§ **WORK TO COMPLETE**
Retype exactly every line from the one that includes "Tổng Bí thư" through the final line of the listing, both ends kept, and omit the pictures.

** Opening EXERCISE MATERIAL block **

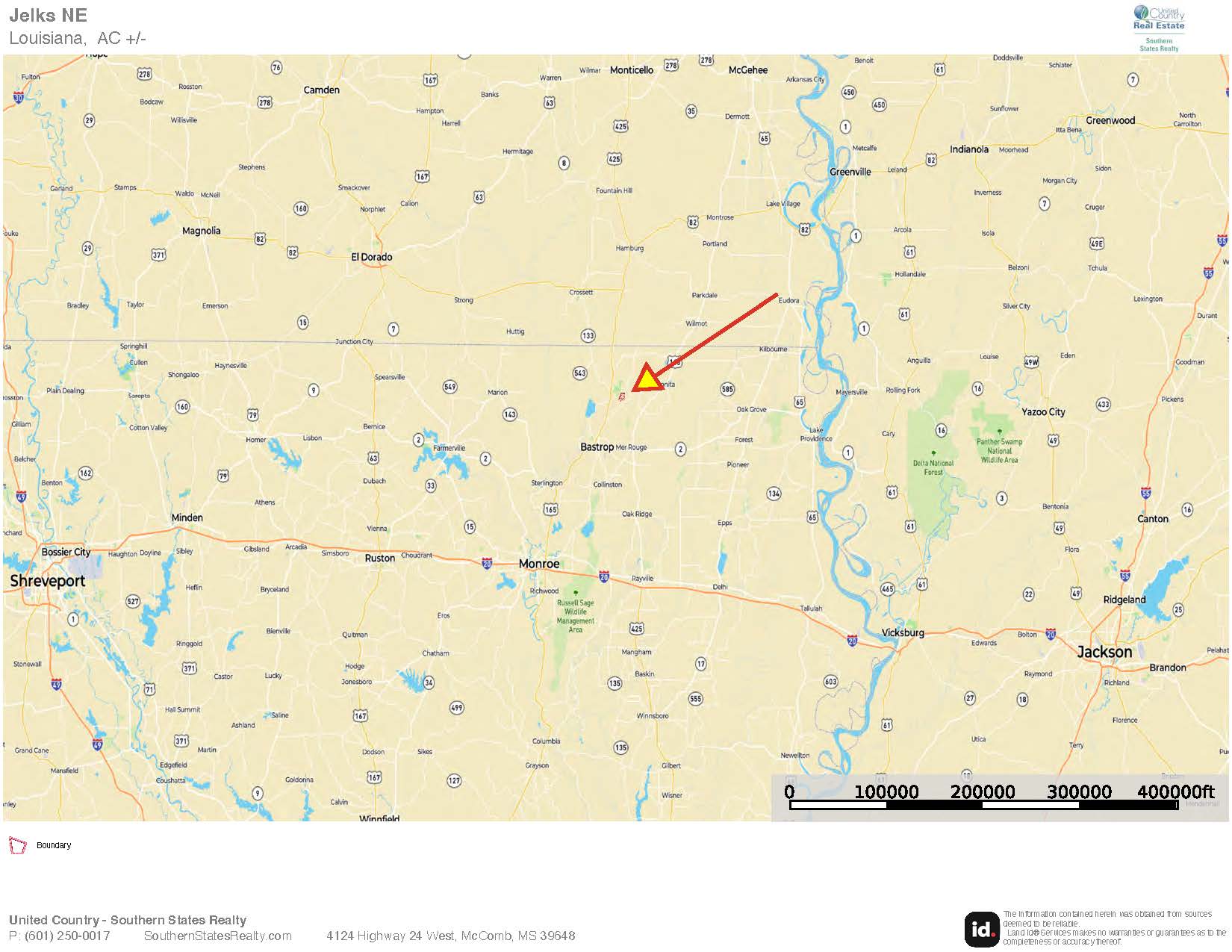 Jelks Bayou 360 – Timber and Hunting Investment Morehouse Parish
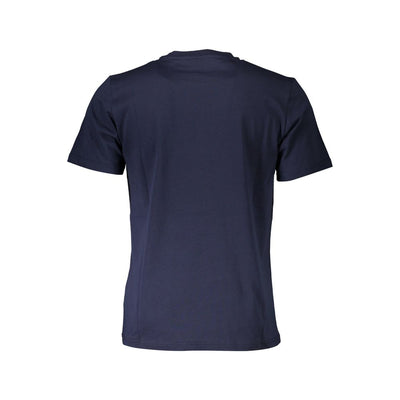 North Sails Blue Cotton Men's T-Shirt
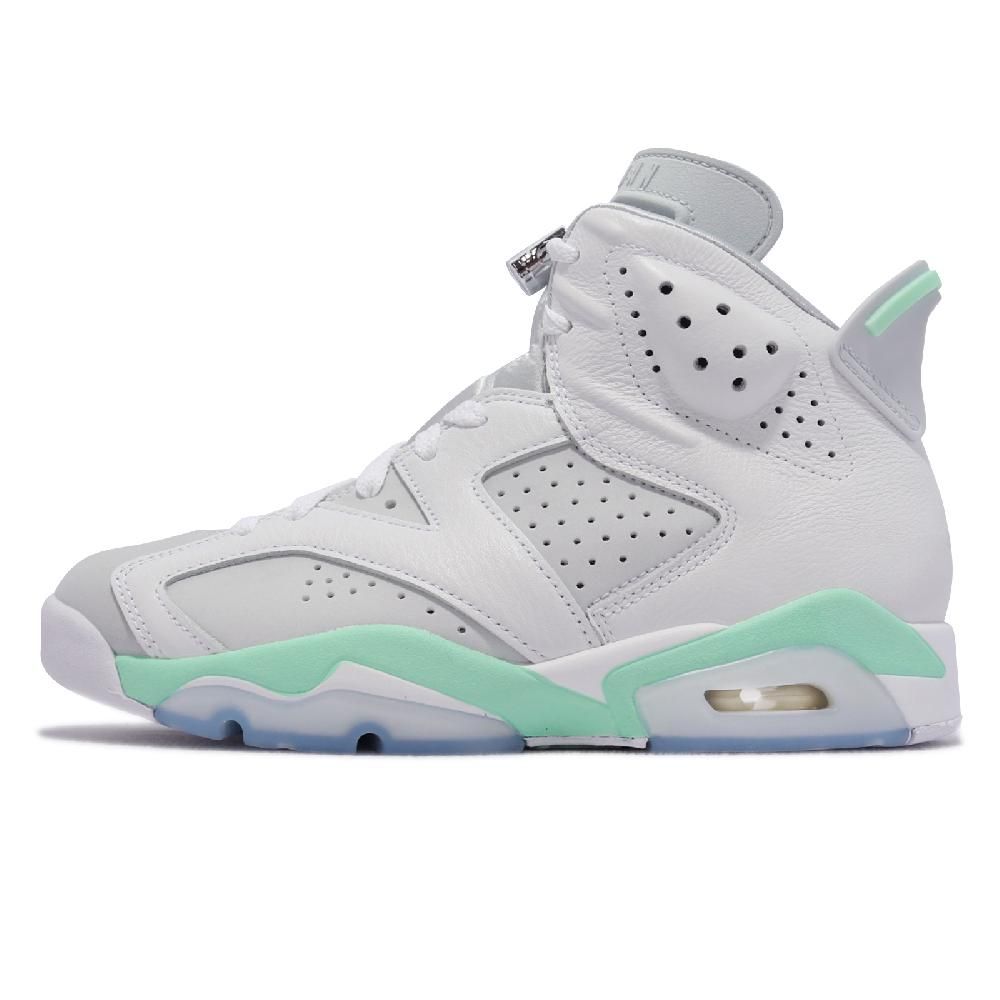 NIKE 耐吉  休閒鞋 Wmns Air Jordan 6 Retro 女鞋 男鞋 薄荷綠 喬丹 AJ6 6代 DQ4914-103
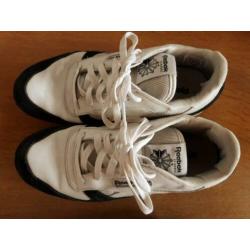 Reebok vintage sneakers retro sportschoenen wit zwart mt 38
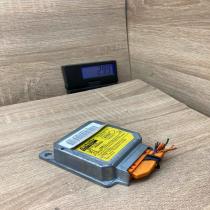 9636894080 550541500 Main Airbag control unit/module Peugeot 206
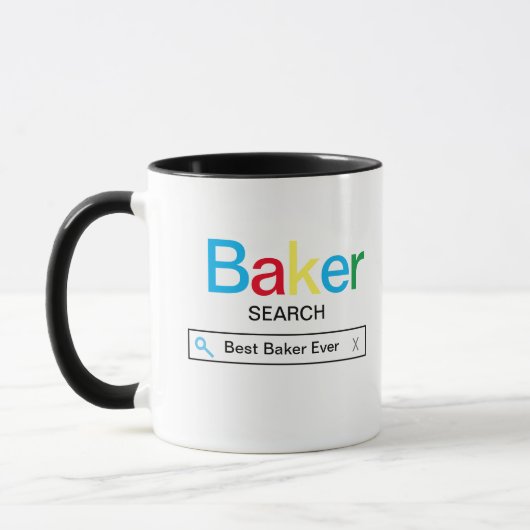 Best Baker je Search Motor Ergebnis Tasse (Links)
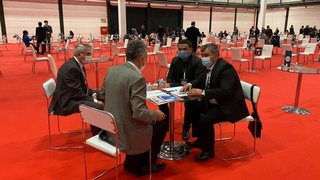 Навоий вилояти вакиллари Туркияда бўлиб ўтган халқаро кўргазмада иштирок этди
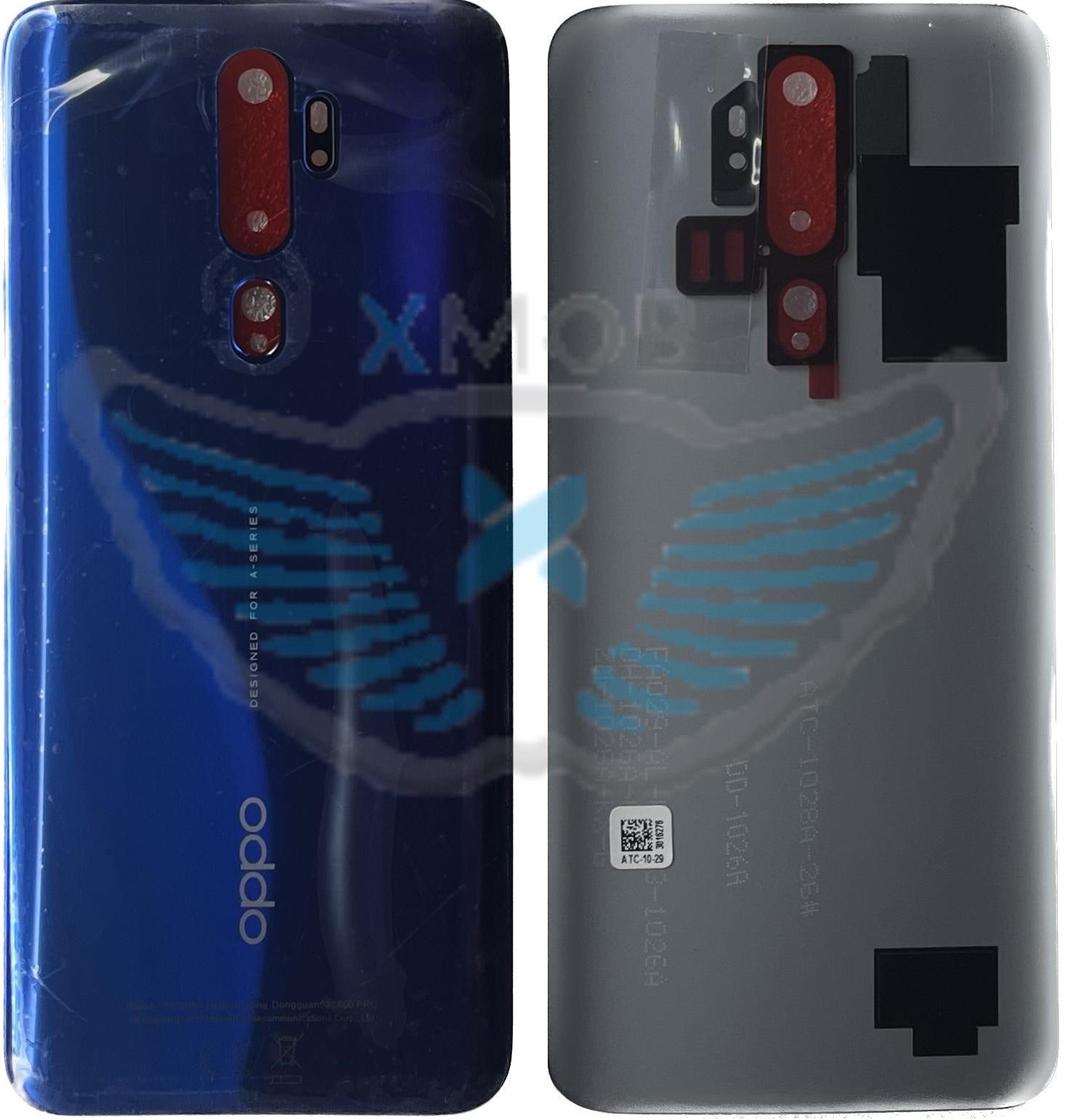 BACKCOVER OPPO A9 2020 VIOLA ORIGINALE 4902993
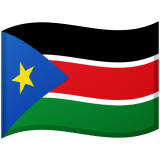 Sydsudan Android/Google Emoji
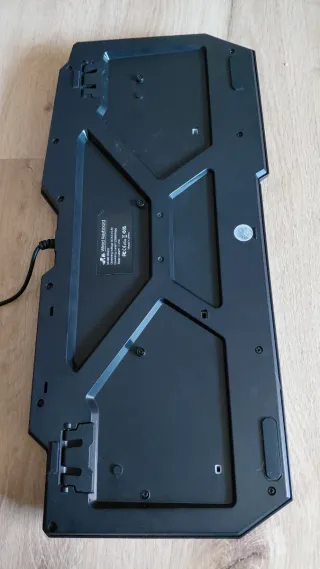 Tastiera da gioco retroilluminata multicolore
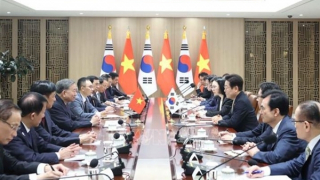 Tổng Bí thư Tô Lâm hội đàm với Tổng thống Hàn Quốc Lee Jae Myung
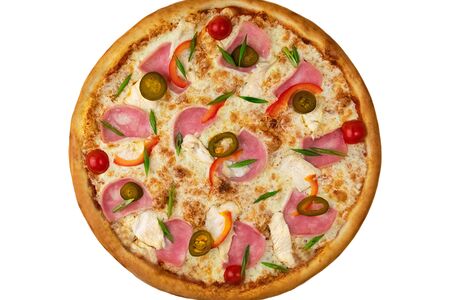 Пицца Дьяволе большая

** Closing EXERCISE MATERIAL block **

§ **FINISHED TASK**
 Tổng Bí thư Tô Lâm hội đàm với Tổng thống Hàn Quốc Lee Jae Myung
 Пицца Дьяволе большая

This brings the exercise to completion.